[R] trouble with looping for effect of sampling interval increase
White, William Patrick
white.232 at wright.edu
Tue Aug 7 16:41:06 CEST 2012
My apologies, here is a sample dataset generator:
#Running sum Test Data
Coin <- c(-1,1)
flips=sample(Coin, 1000, replace=T)
Runningsum <-cumsum (flips)
#A deactivated plot
#plot (Runningsum)
Test <- cbind (Runningsum)
datasetORIGINAL <- cbind (Runningsum)
________________________________________
From: Jean V Adams [jvadams at usgs.gov]
Sent: Monday, August 06, 2012 1:33 PM
To: White, William Patrick
Cc: r-help at r-project.org
Subject: Re: [R] trouble with looping for effect of sampling interval increase
You would make it much easier for R-help readers to solve your problem if you provided a small example data set with your code, so that we could reproduce your results and troubleshoot the issues.
Jean
Naidraug <white.232 at wright.edu> wrote on 08/05/2012 09:08:25 AM:
>
> I've looked everywhere and tinkered for three days now, so I figure asking
> might be good.
> So here's a general rundown of what I am trying to get my code to do I am
> giving you the whole rundown because I need a solution that retain certain
> ways of doing things because they give me the information i need.

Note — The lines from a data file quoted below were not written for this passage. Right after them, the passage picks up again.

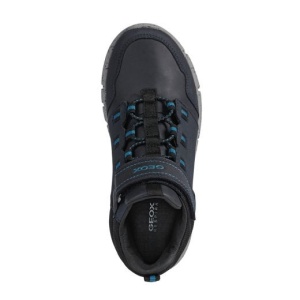 Geox Ghete impermeabile baieti Flexyper B.B ABX Navy Petrol incaltaminte copii bigstep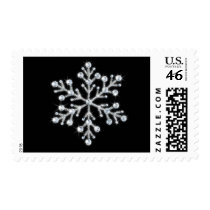 Winter Snowflake Stamp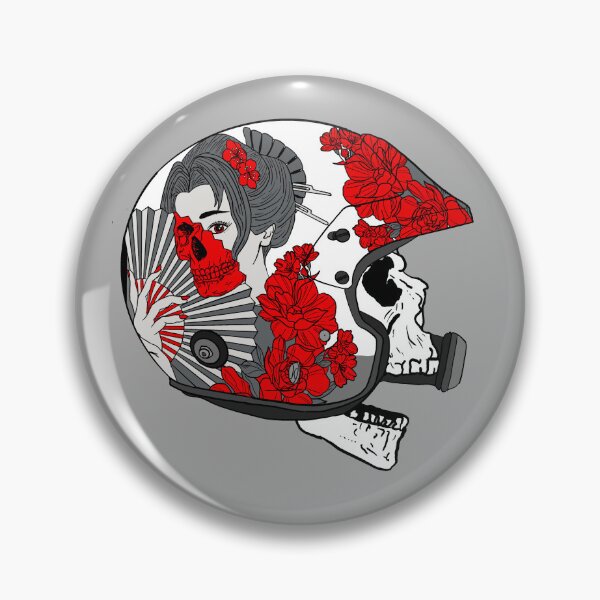 Item preview, Braindead crew rally helmet logo designed and sold by BrainDeadCrew.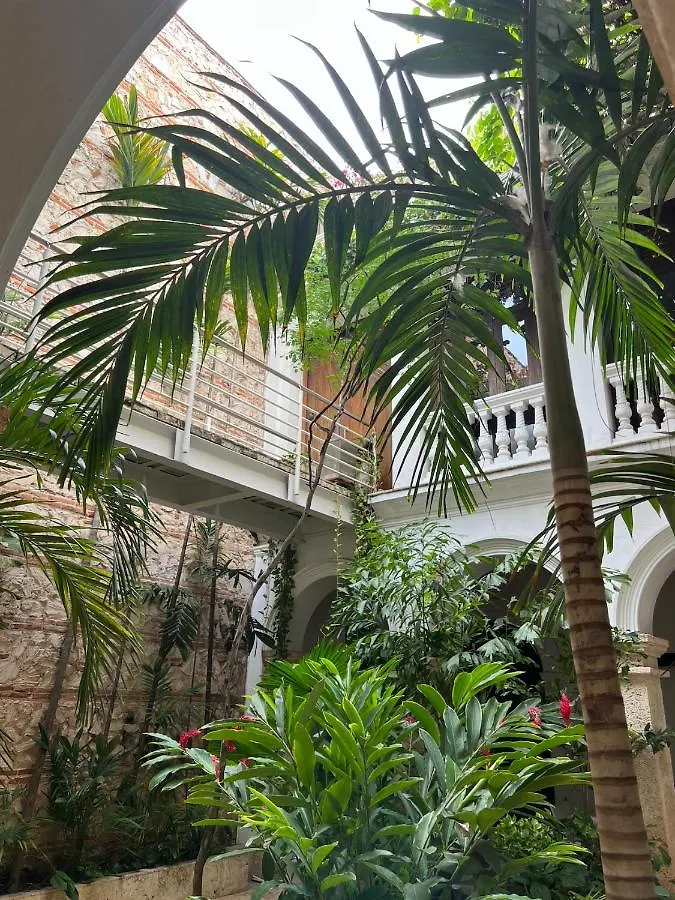 Loft En Casa Colonial Del Centro Historico De Cartagena Apartment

> I want to examine the effect of increasing my sampling interval on my data.
> Example: what if instead of sampling every hour I sampled every two, oh
> yeah, how about every three?.. etc ad nausea. How I want to do this is to
> take the data I have now, add an index to it, that contains counters. Those
> counters will look something like 1,2,1,2,.. for the first one,
> 1,2,3,1,2,3.. for the next one. I have a lot of them, like say a thousand...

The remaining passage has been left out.